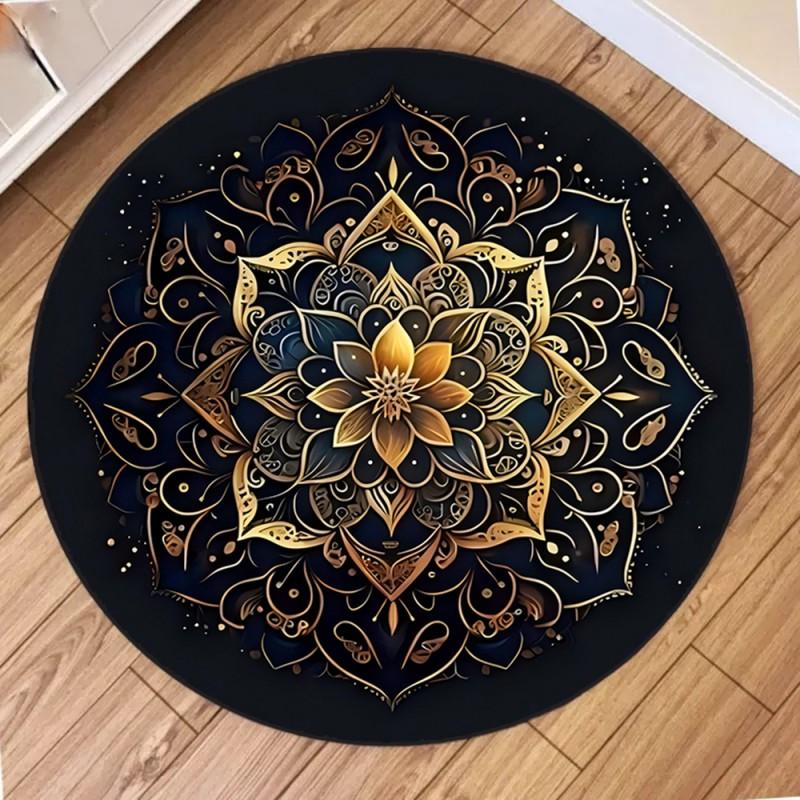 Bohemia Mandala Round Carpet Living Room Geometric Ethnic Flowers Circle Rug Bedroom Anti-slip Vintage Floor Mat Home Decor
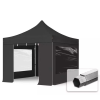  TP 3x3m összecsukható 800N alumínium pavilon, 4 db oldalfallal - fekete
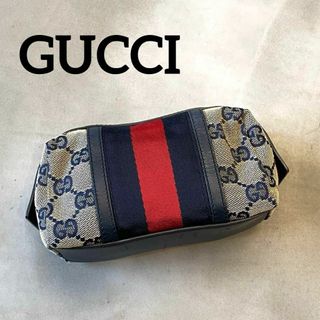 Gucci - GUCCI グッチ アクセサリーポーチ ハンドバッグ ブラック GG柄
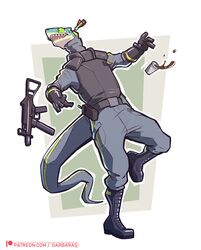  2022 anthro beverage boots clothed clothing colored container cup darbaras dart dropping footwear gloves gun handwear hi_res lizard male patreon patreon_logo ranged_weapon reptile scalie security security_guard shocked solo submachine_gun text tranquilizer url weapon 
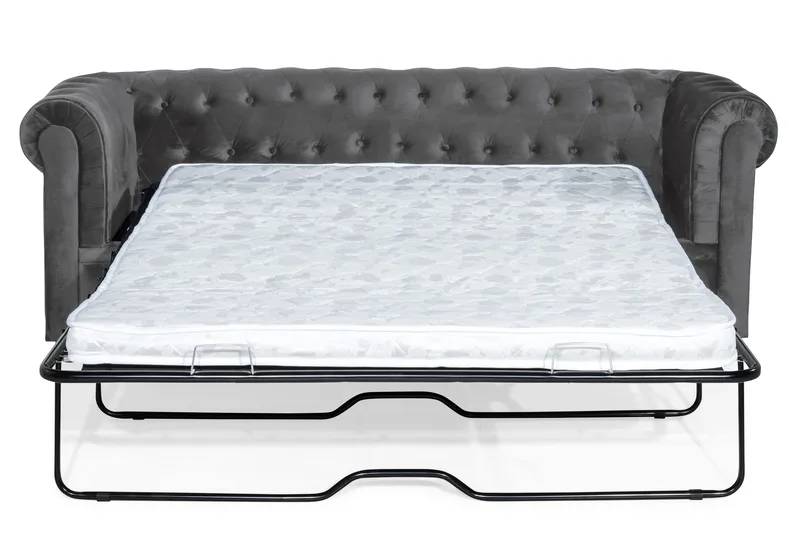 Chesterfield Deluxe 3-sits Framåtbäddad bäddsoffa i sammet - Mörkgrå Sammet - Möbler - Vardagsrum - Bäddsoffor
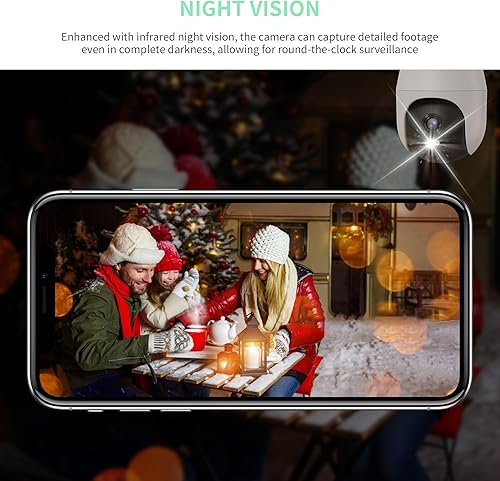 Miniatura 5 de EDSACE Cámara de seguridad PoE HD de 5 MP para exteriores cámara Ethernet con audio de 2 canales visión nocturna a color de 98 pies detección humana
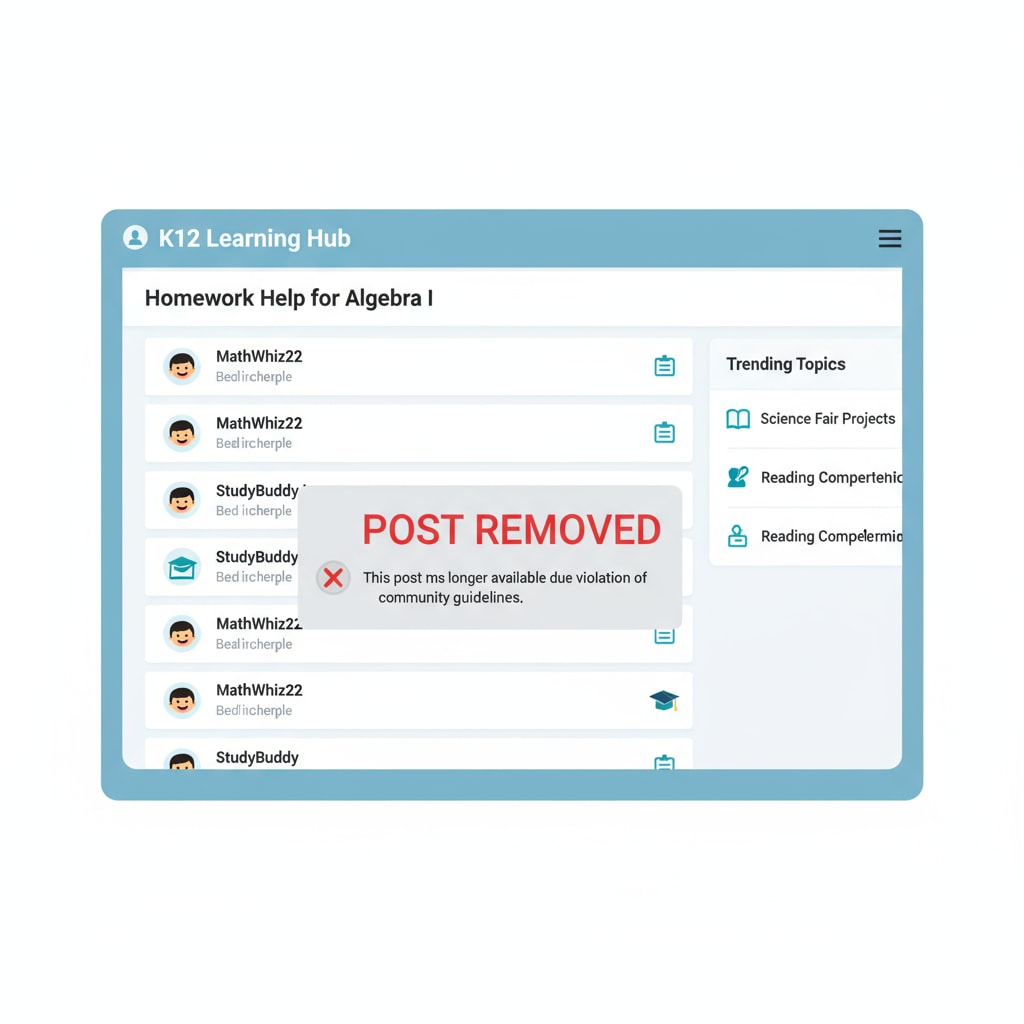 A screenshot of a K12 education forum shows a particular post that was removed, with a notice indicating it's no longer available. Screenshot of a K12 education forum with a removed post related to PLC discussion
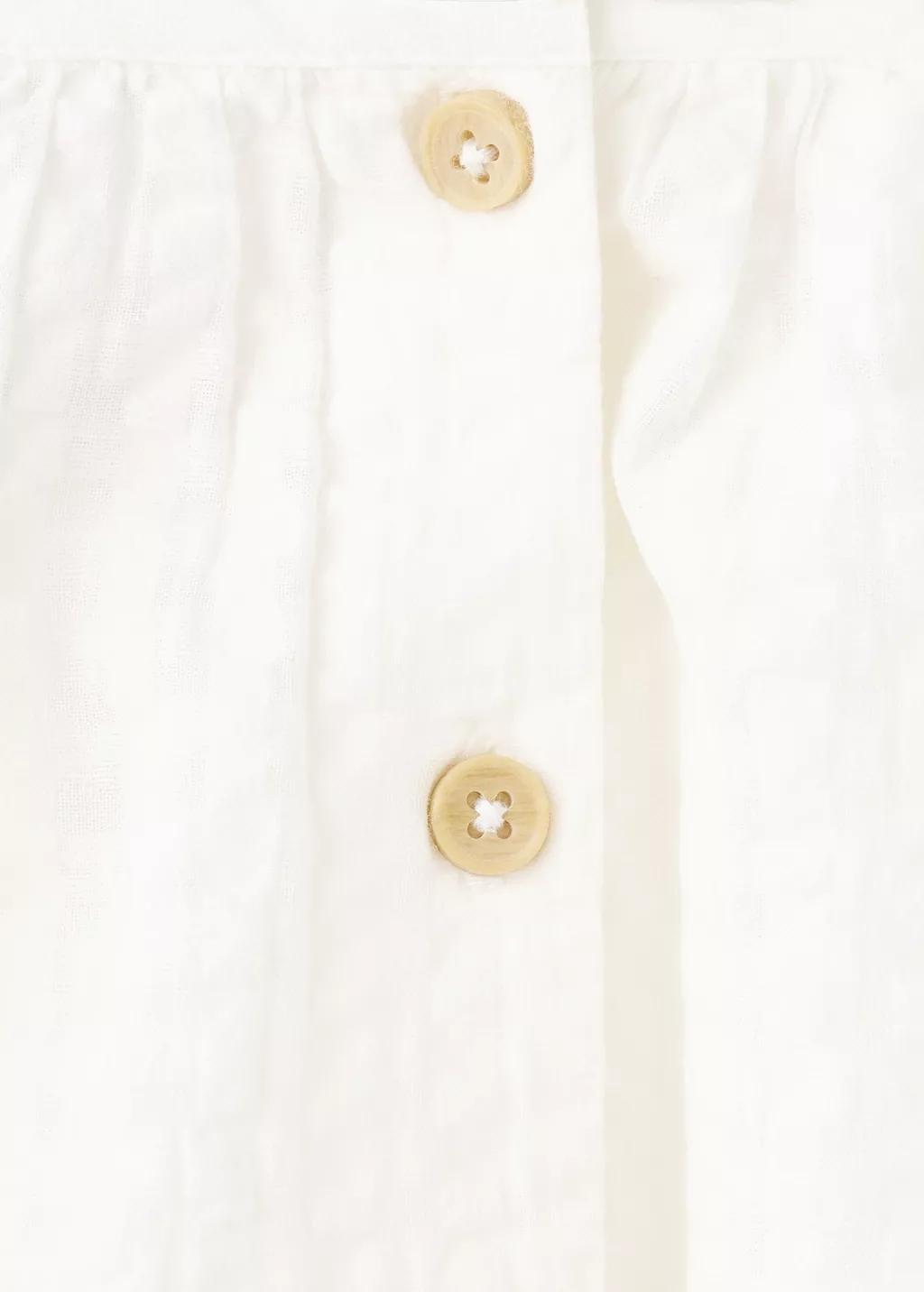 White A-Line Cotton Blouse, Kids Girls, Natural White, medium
==
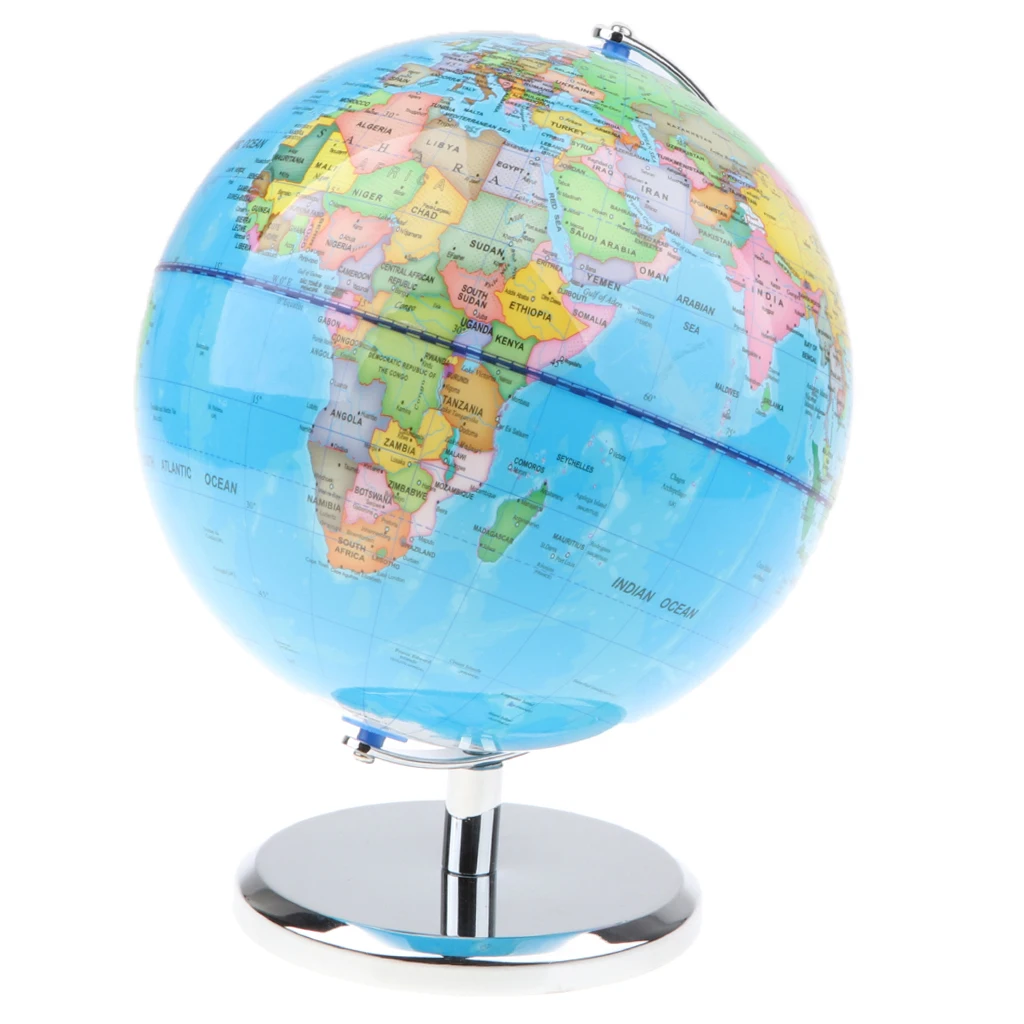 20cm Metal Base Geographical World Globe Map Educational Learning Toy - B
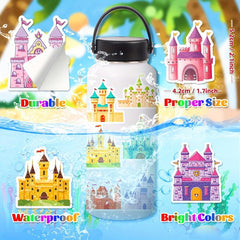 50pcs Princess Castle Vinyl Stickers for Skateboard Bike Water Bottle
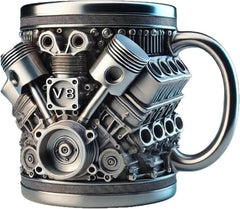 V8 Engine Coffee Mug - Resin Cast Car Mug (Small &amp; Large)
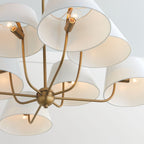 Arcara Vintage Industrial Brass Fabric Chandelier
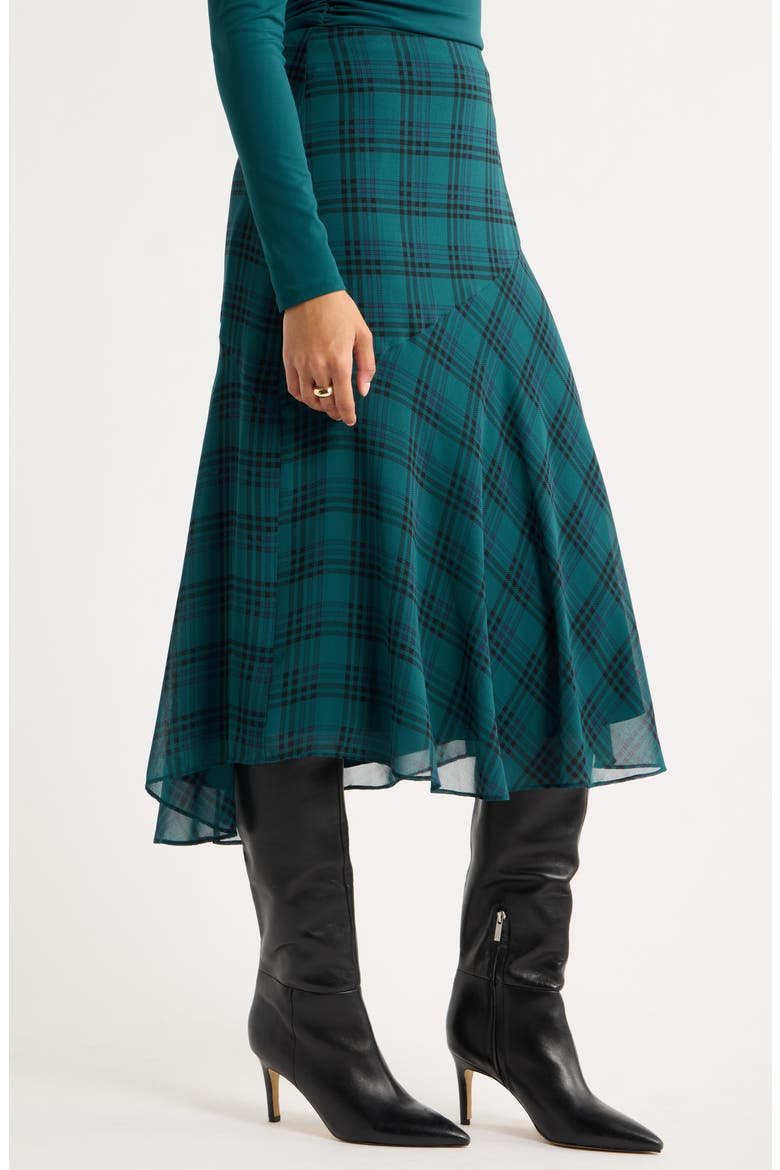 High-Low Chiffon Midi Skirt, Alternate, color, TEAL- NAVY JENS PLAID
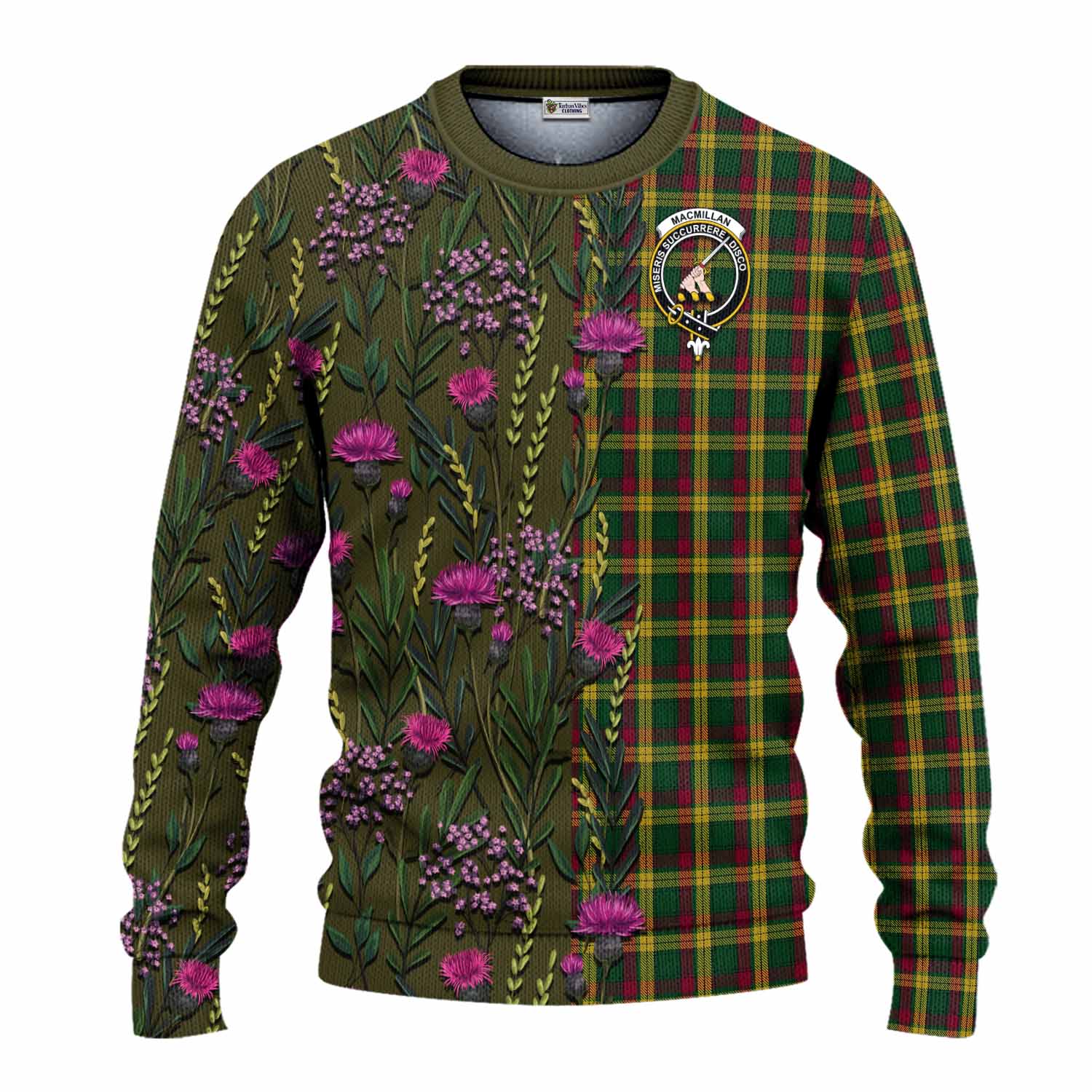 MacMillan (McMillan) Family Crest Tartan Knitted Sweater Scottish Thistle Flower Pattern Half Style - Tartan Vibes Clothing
...
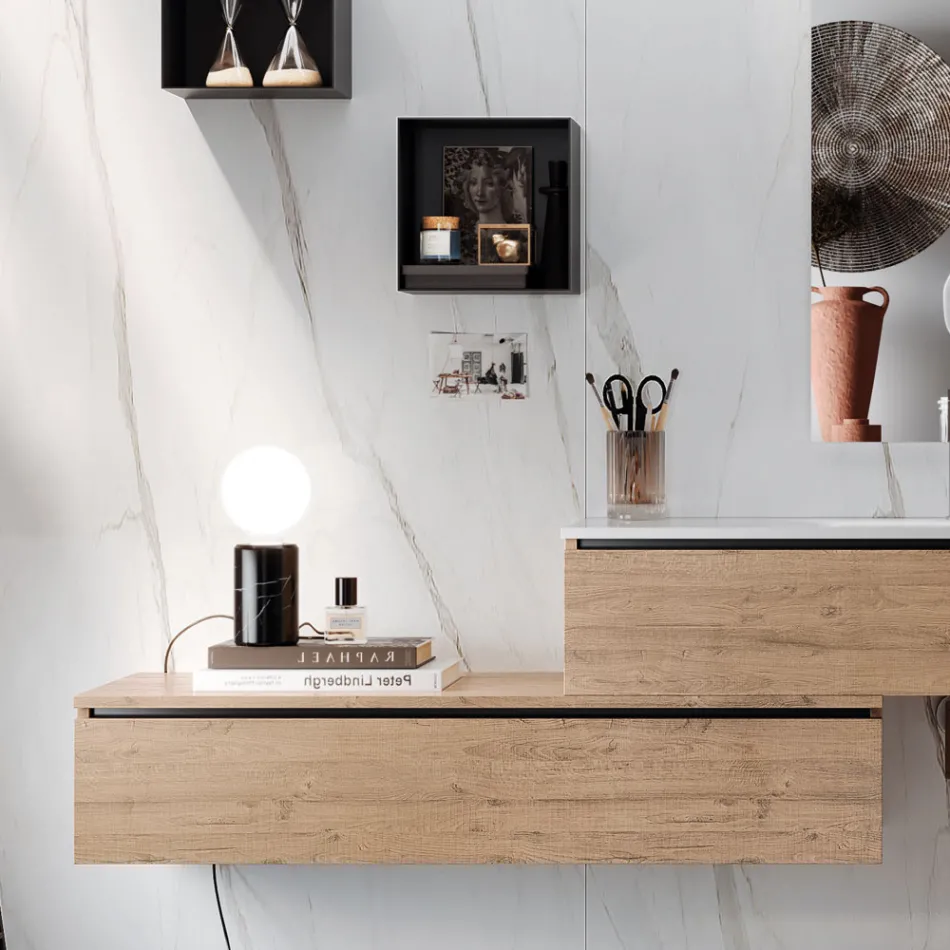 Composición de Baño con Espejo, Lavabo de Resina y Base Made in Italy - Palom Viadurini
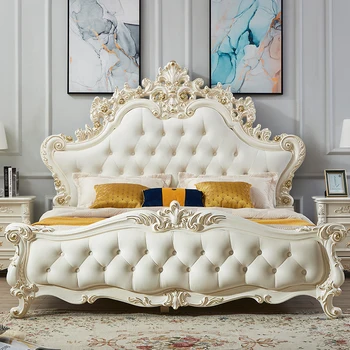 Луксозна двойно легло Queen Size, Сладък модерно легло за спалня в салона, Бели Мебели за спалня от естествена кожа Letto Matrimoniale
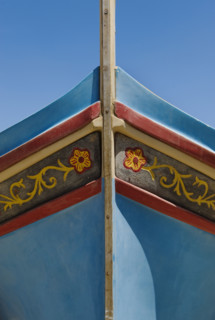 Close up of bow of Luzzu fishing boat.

### Work required:
In the listing above, find the line containing "Arcara Vintage Industrial" and the line containing "MacMillan (McMillan) Family", then output those two lines and everything between them exactly as written, without the images.

### Task result:
 Arcara Vintage Industrial Brass Fabric Chandelier
 High-Low Chiffon Midi Skirt, Alternate, color, TEAL- NAVY JENS PLAID
 MacMillan (McMillan) Family Crest Tartan Knitted Sweater Scottish Thistle Flower Pattern Half Style - Tartan Vibes Clothing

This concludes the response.